Michael Crichton is a very prolific writer for being dead. I wonder how that happens, but I’ll save that for another post.
Dragon Teeth is his latest and was released last month. I enjoyed Jurassic Park a lot so I figured I would like this one too and I did but for different reasons.
It became clear early on that this book would be more technical and scientific. It had the feel of a history lesson with a dash of human interest. It was only after I finished reading it and could reflect on it that I realized what a great story it was.
It didn’t help either that I’ve never really been into dinosaurs. Sure big reptiles that used to roam the earth is neat I guess, but it’s not like I’m going to actually see one when I go to the store.
But this book had other, ‘bigger’ implications.
Take for instance that paleontologists were still discovering and naming dinosaurs in the late 1800s. Think about that for a minute. Less than 200 hundred years ago people were still tying to figure out what a Brontosaurus was.
But then again they were still trying to settle the west and fighting Native Americans…
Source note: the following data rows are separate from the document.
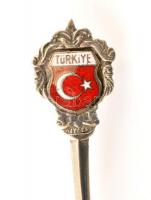 Ezüst(Ag) török címeres kanál, jelzett, h: 11 cm, bruttó: 9,4 g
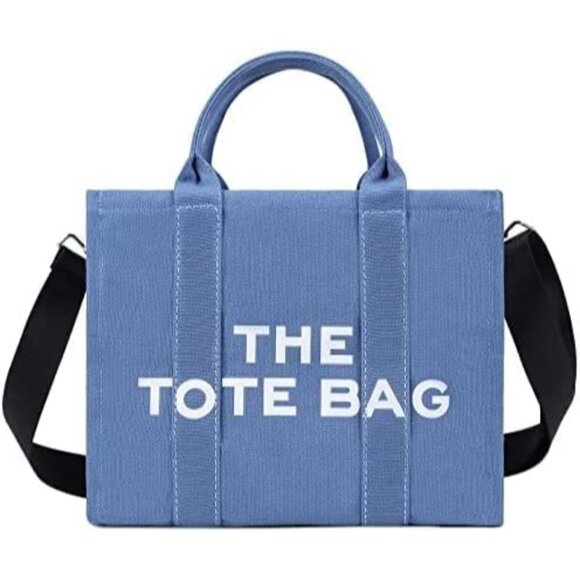 Women Blue Personalized Canvas Crossbody Tote Bags with Zipper Mini Top-Handle - Picture 1 of 7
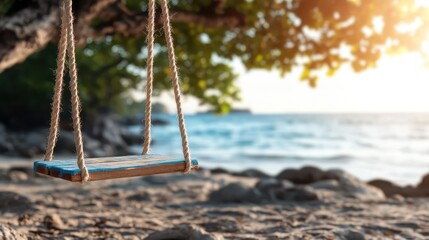 A serene beach swing gently swaying in the sunset glow offers a perfect spot for relaxation, surrounded by a peaceful ocean and lush greenery in the background.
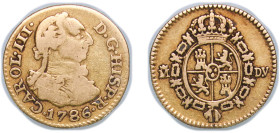 Spain Kingdom 1786 M DV ½ Escudo - Carlos III (3rd type) Gold (.875) Madrid Mint 1.7g VF KM 425.1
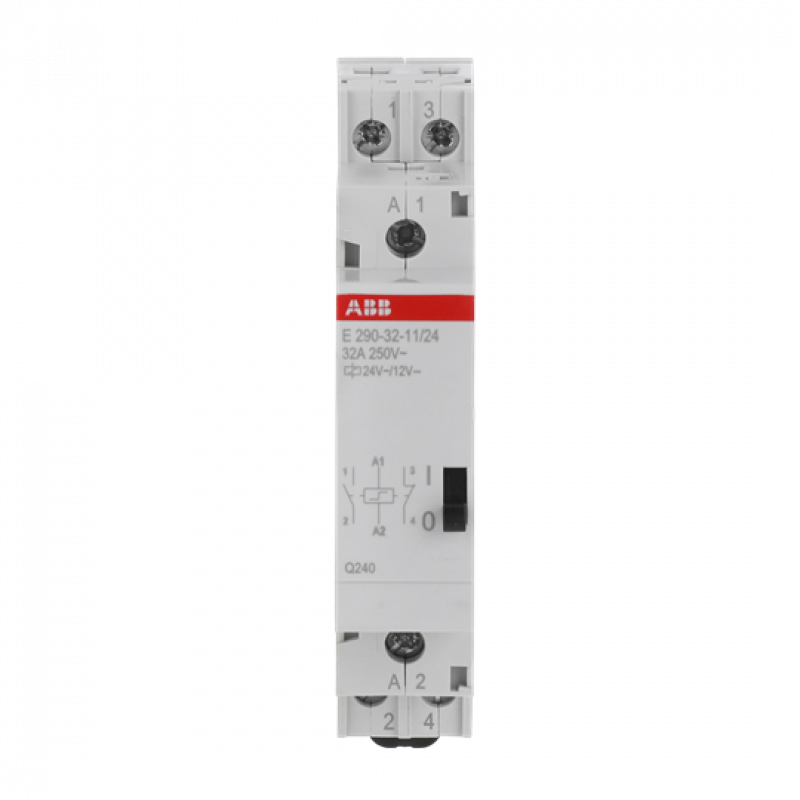 ABB E290-32-11/24 Stromstoßschalter Spule 24 V AC/12 V DC, 32 A, 1 Öffner + 1 Schließer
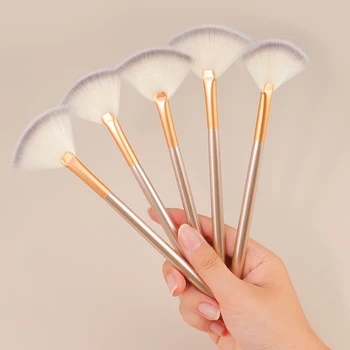 New Practical Facial Brushes Fan Makeup Brushes Soft Portable Mask Brushes Cosmetic Tools for Ladies Girls Nail Charm Beaut 1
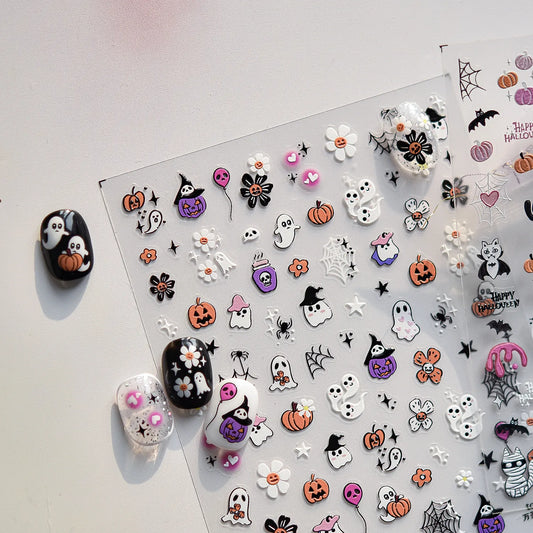 Cute Halloween 3D Nail Stickers - Spooky Cat, Ghost & Pumpkin Nail Art Decals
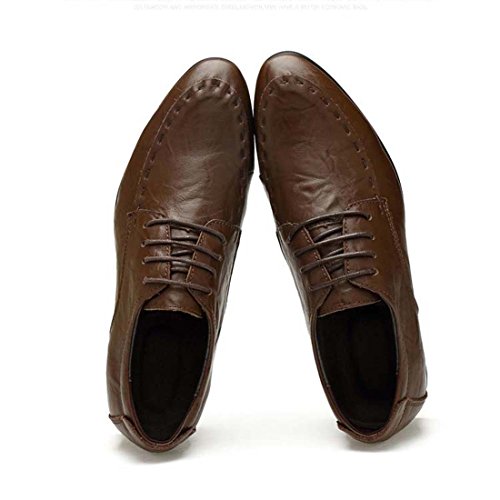 Chaussures en cuir pour homme WENJHEN marron foncé idéales pour le bureau en 44.5 - 5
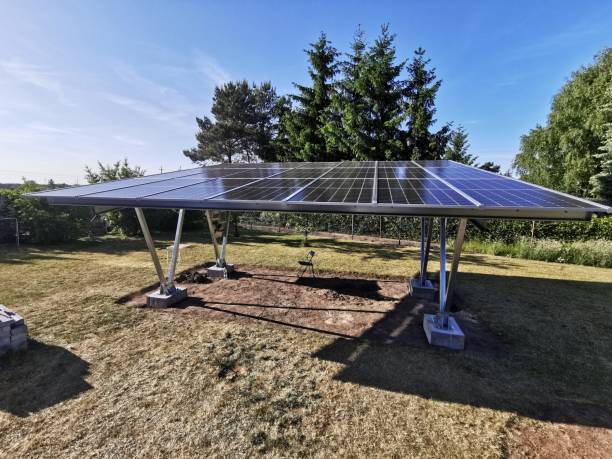 istock Solar panels are installed on the ground. 2202156734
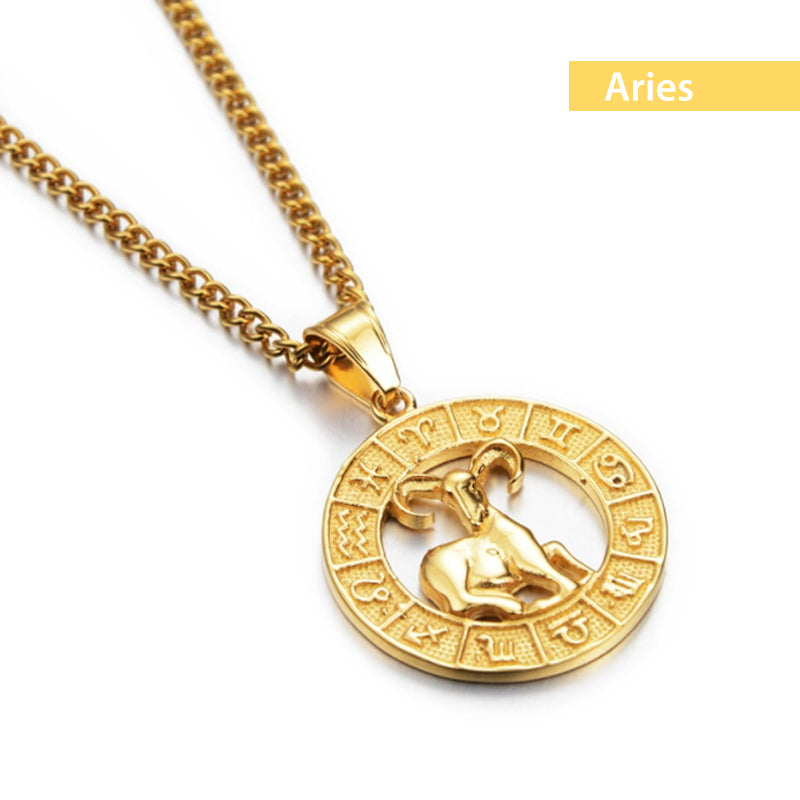 Constellation Round Coin Necklace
Something about that just blew my mind. It seems we’ve been at this whole ‘great nation’ thing forever, but it’s been such a short amount of time relatively speaking. So is it any wonder that there are still arguments over the same things?
I can imagine how hard it was for people to fit giant dinosaur bones into their theories of Creation or Evolution. Because if they had been around when people were building fires someone would have said something I would think.
But, hey, I’m new to this dinosaur stuff.
All in all it was a good read. Informative, but not too heavy. And it gave me a greater appreciation of how dinosaurs were discovered.